# Rounded Corner Aquariums



## Aqua sobriquet (19 Mar 2012)

I rather like the look of this but they don't seem to be available in a suitable size:

http://www.seapets.co.uk/products/aquar ... ducts.html

Does anyone else else make glass tanks with rounded corners in a good range of sizes? I'm probably looking at 900 x 500 x 500 or maybe a tad smaller if I can get it.


----------



## BigTom (19 Mar 2012)

Aqua One have a range of round corner tanks ('AquaStyle', I think?) up to about that sort of size.


----------



## Aqua sobriquet (19 Mar 2012)

Thanks,I'll have a look!


----------



## foxfish (19 Mar 2012)

Interpet make a range http://www.petplanet.co.uk/product.asp? ... f_id=53525

I was looking at a round corner tank a few year back & there were some great tanks on the market, all chinese made in the same factory, although sold under different names!
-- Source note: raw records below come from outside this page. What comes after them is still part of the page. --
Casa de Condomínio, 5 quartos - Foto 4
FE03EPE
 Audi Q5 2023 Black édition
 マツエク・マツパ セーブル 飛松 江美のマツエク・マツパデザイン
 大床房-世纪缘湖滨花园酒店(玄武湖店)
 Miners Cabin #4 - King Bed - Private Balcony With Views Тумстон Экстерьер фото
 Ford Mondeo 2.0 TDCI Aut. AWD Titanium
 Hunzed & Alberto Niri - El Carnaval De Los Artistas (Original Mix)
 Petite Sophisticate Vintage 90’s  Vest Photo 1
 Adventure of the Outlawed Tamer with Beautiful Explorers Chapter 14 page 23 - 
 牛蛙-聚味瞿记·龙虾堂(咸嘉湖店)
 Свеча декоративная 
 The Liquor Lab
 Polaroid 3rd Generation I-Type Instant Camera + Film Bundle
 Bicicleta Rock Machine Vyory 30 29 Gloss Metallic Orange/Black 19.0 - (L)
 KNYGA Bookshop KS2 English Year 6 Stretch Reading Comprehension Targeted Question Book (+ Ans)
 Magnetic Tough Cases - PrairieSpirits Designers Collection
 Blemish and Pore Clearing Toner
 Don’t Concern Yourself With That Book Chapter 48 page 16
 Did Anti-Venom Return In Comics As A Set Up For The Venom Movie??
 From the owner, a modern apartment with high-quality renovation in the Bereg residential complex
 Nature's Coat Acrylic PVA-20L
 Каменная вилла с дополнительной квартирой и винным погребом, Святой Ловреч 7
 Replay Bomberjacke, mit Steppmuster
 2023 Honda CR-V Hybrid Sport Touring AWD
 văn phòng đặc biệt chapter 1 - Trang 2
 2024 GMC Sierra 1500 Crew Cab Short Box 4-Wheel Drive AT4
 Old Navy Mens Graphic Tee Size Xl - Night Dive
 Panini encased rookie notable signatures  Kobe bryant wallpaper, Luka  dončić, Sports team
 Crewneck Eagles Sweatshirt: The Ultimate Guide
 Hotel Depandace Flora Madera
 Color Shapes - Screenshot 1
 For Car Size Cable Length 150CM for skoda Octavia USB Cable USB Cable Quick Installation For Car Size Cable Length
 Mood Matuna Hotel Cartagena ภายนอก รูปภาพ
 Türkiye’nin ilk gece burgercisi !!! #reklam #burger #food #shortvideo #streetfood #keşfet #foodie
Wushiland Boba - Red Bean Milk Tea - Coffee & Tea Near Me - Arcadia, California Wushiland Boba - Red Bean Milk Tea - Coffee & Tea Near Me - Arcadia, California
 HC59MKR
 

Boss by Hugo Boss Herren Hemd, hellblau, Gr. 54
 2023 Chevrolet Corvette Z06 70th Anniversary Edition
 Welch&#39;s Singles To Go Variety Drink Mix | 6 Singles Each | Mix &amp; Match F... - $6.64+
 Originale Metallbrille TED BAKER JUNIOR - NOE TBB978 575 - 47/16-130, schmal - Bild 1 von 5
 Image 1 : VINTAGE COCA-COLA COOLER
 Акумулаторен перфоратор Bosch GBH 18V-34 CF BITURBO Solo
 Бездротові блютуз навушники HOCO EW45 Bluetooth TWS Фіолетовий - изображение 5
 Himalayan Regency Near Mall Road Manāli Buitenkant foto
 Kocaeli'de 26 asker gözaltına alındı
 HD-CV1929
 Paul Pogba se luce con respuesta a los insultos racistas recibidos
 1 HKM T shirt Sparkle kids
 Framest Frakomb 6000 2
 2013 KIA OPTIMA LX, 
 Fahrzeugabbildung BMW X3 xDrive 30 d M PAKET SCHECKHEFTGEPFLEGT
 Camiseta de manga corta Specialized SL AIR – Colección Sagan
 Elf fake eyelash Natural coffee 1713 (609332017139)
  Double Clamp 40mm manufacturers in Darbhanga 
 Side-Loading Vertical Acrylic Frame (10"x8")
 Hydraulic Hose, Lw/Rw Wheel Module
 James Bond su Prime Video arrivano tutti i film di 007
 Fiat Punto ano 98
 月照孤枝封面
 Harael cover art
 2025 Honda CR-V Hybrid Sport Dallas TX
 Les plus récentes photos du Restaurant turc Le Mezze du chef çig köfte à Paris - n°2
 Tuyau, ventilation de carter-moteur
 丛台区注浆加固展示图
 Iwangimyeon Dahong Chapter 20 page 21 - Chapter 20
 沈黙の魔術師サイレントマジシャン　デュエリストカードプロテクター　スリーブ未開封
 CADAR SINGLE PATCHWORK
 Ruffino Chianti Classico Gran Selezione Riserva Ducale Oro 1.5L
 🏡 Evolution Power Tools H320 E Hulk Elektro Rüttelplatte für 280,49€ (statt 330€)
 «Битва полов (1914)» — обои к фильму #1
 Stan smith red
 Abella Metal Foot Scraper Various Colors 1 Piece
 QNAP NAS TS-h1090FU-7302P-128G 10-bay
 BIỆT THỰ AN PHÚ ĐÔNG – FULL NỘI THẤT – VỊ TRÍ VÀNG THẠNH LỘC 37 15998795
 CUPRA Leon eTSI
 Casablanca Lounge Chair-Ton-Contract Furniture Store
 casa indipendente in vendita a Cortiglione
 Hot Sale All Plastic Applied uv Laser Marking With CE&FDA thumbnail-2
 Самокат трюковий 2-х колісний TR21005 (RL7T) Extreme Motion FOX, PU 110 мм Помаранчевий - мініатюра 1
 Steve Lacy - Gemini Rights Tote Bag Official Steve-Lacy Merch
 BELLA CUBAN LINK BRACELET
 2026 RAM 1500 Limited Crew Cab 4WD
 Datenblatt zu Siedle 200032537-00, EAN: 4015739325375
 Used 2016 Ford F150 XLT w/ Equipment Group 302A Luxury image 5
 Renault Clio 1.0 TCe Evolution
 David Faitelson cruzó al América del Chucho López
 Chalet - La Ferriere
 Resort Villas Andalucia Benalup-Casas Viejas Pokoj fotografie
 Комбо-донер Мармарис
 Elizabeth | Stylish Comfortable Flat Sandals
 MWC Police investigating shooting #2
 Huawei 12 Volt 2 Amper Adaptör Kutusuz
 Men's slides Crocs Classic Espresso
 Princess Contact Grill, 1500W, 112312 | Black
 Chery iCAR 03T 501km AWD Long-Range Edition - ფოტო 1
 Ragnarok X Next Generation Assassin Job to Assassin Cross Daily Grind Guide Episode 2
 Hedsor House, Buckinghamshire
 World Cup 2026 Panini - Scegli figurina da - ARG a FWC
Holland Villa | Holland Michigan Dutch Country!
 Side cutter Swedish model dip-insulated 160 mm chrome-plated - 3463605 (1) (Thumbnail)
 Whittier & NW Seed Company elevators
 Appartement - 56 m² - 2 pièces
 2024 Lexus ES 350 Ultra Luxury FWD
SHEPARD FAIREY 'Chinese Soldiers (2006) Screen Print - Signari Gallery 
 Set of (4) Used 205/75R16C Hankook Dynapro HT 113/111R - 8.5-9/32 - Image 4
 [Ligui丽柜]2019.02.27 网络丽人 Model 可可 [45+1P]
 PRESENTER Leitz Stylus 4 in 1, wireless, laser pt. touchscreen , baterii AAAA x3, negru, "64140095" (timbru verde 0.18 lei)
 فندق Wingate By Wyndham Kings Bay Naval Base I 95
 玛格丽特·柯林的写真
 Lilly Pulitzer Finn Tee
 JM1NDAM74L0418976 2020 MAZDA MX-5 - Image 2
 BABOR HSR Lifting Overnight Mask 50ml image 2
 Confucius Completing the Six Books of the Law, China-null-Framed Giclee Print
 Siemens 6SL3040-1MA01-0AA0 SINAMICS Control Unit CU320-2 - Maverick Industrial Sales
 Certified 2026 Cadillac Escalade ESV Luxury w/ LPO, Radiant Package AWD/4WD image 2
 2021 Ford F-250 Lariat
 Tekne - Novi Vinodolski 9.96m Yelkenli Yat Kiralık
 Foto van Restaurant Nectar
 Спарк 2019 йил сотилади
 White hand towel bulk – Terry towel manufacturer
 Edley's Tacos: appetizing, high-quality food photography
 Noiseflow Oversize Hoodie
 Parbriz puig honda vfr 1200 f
The ones that really appealed to me were being sold as "Turtle tanks" they had great dimensions being wide & shallow but after a quick look on the web I could not find any for sale.
However my locale outlet still has several of the 90 x 50 x 40h for sale....


----------



## dean (20 Apr 2012)

Superfish have them too
I think MA have them as an own brand


----------



## curefan (20 Apr 2012)

I was told that you get an obscure view when you look at them from an angle...this put me off a bit!


----------